While looking at the sphere, Ratcliffe and I met 12-year-old junior-volunteer Matthew Whitmore.
“My mom works at the desk, and somebody said I could be a junior volunteer and have a job here,” Whitmore said. “I wanted to do it.”
At the center, exhibits showing a variety of Adirondack habitats are labeled in a way that is designed to be thought-provoking.
“When you go out into the natural world, you might see it differently,” Ratcliffe said. “There are small and big stories that we want you to understand.”
For example, she said, the next time you find yourself hiking near a river, you might consider how “the ‘babbling brook’ part of a river is highly oxygenated and is probably a good place to look for fish.”
As for fish, they are there in abundance at the Wild Center’s aquaria, including a massive pike, a prehistoric-looking sturgeon and brook trout with their spotted bodies and red bellies.
The river otters are a highlight of the Wild Center. Their exhibit, which includes a small waterfall, is beautifully designed so that you can see the otters underwater. Watch an otter swim underwater, and you will be amazed by its sleek and streamlined design and by the speed and grace of its movements.

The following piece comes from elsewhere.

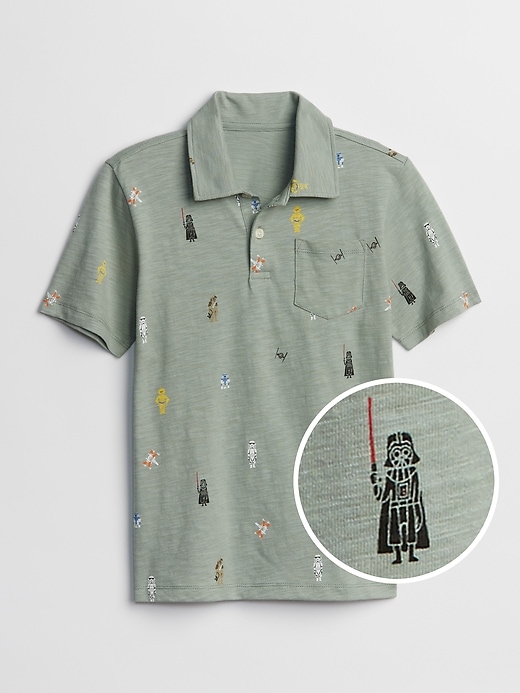 Image number 1 showing, GapKids &#124 Star Wars&#153 Short Sleeve Polo Shirt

I had lunch at the center’s café, and then, in the comfortable, big-screen theater, I enjoyed a screening of “Flight of the Butterflies,” the featured film for the next year. The film tells the story of the migration of the monarch butterfly — and how the secrets of that migration began to be uncovered.
After the movie, I spoke with naturalist Kerri Ziemann about the Wild Center’s canoeing program. She said that it is a great way to get visitors, including families, to enjoy the outdoors at the center.